Police at the Station and They Don't Look Friendly (Detective Sean Duffy #6)

“Yes, sir.”

“I’ll deal with the Chief Constable. Don’t pick up your phone. In fact get out of the office, now. You say you have more following up to do?”

“Yes, sir, in Larne, sir. Interview the first victim.”

“Good. Go!”

“Yes, sir … uhm, thank you, sir.”

Chief Superintendent Strong stood up and offered me his big hairy boilermaker’s paw. “Aye, like I say, I remember your work in the Lily Bigelow case. You did right by her and by Eddie McBain. Ed was my mentor and you did right by him. You’re a good policeman, Duffy. A good copper. I don’t care what the file says on you.”

“Thank you, sir.”

“And I am not going to have some scumbag drug dealer and some vermin journalist destroy your career, Duffy.”

“I’m very grateful, sir.”

“Now get out of here before your phone starts ringing and they draw you deeper into the bloody web.”





8: IVAN MORRISON

The sun setting behind the Antrim Hills. Rain pounding the windscreen. Sea spray on the side windows. The Land Rover swaying in the twenty-knot crosswind as we drove along the Acreback Road.

We had no radio reception at all and Crabbie wasn’t talking. He could go a thousand years and not mention the embarrassing story in the Belfast Telegraph. If someone was going to bring it up it would have to be me and I didn’t feel like it.

“I was down here earlier this morning,” I said as we drove through Magheramorne.

“Oh aye?”

“Beth had me down looking at a house.”

“Where?”

“The Ballypollard road.”

“Oh I know that road very well. You’d only be ten minutes from me. Well, ten minutes the way you drive. Lovely wee road, that. Have you got a view?”
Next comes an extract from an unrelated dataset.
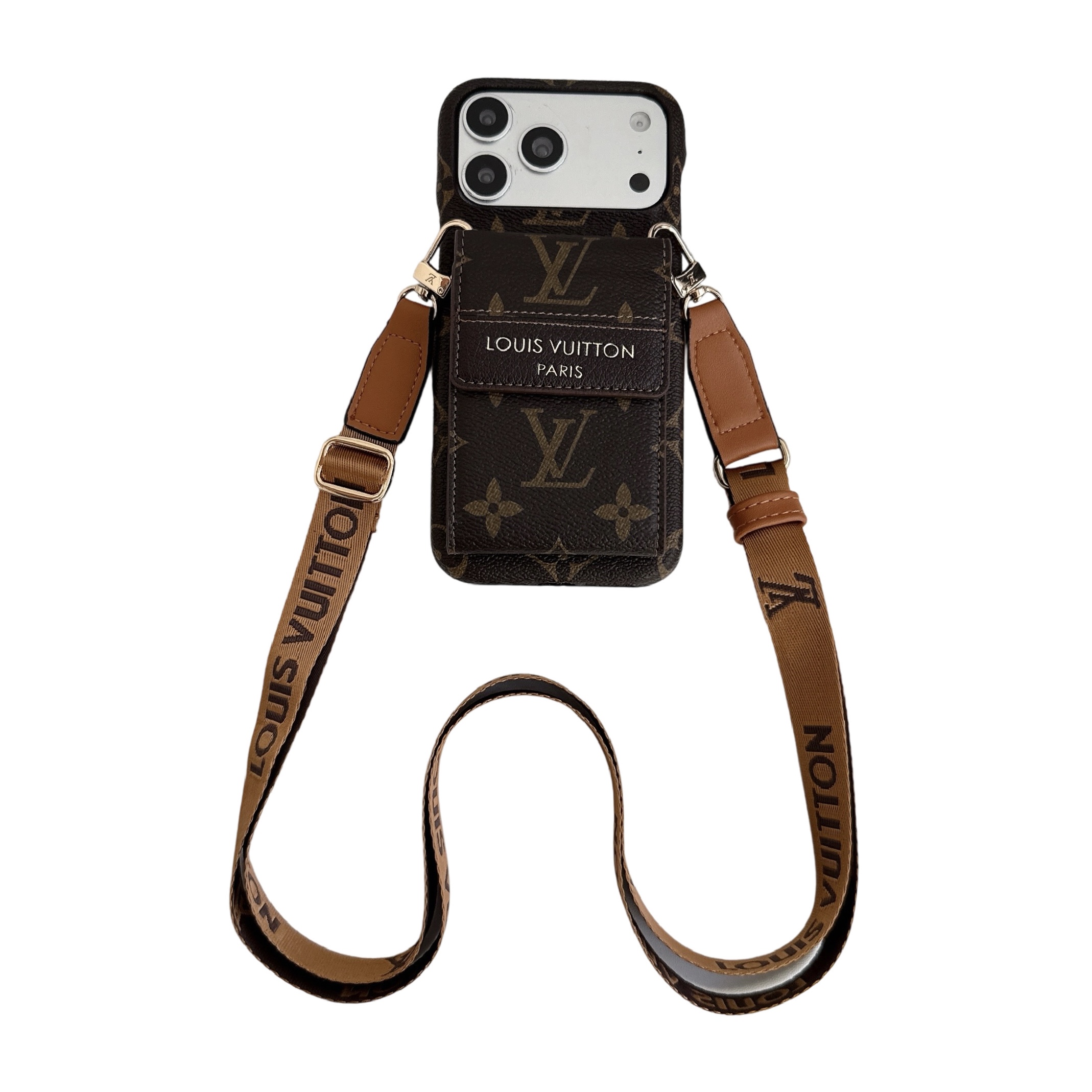 LV Designer Crossbody Gucci Wallet Phone Case | Expandable Accordion Card Holder & Detachable Woven Lanyard Strap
“I’m not sure I want to move down here.”

“It’s a lovely wee quiet spot.”

“I like Coronation Road.”

“But Beth doesn’t?”

“She says no one talks to her.”

“Stop me if I’m being too personal but she’s a Protestant, isn’t she?”

“Oh yeah, Prod as the day is long. It’s not that. It’s a class thing, not a religious thing. They’re working-class Prods, she’s some kind of posh Prod from Larne.”

“So you don’t want to move?”

“Not really. But the house is going to take two years to build anyway. Lot could happen in two years.”

“That it could,” Crabbie said reflectively. “But it is very nice around here.”

“Beth and I had a row about it. I overreacted.”

“Not like you, Sean.”

I laughed. “Oh you think you’re funny, do you?”

He cleared his throat. “There’s a wee place down this way I’m thinking of buying.”

“Oh yeah? An extra field or two?”

“Considerably more than that. In fact, I’m thinking of throwing my hand in, if that’s the correct expression.”

“What do you mean?”

“Well, old Kerry McBride is looking to sell her acres now she’s turned seventy, and she’d give them to me for a good price. That’s all cattle land of course.”

“Of course.”

“It would put me up to 150 head and even if I got rid of the sheep, which I would, that’s still a full-time job, isn’t it?”

I looked at him. “What are you talking about, Crabbie?”

“I’m more of a hobby farmer at the moment. Helen does most of it, but if I take this plot, well, I’ll have to come in full time, won’t I?”

“You’re quitting?”

“Thinking about it. Thinking seriously about it.”

“You’ll leave me and Lawson in the lurch?”

“Carrickfergus is more of a two-man station anyway.”

“What are you talking about? We’ve got a murder on our hands.”

“Our first murder in nearly a year.”

“The Troubles could spiral up at any moment. You know they could. These things come in waves.”

“Sean … I know. But with the farm. I have a young family,” he said guiltily.

“Crabbie, mate, you can’t leave because of one bad day. One bad shellacking in the press.”

“Oh it’s not that. I don’t care about that. I’ve been thinking about this for some time. I’ve been neither one thing nor the other for a few years now. A man cannot serve two masters. A house fernenst itself cannot stand. I cannot do the farm and be a Detective Sergeant in the RUC.”

Not this on top of everything else. Crabbie couldn’t go. I needed him. Was that panic I was feeling?

Fear?

It was a dangerous job, a dangerous job for a man with a young daughter and you needed a steady hand by your side. Crabbie had always been that steady hand. Crabbie would always be the guy going down into the engine room to fix the warp drive and save the ship. I liked Lawson, Lawson was good, but he wasn’t the Crabman.

Jesus, having trouble breathing again.

Deep breaths. Deep breaths.

“You can’t go. You can’t go and let Kenny Dalziel run the station. You just can’t.”

“The man’s a fool,” Crabbie agreed.

“And a scoundrel. McArthur as much as told me he beats his wife.”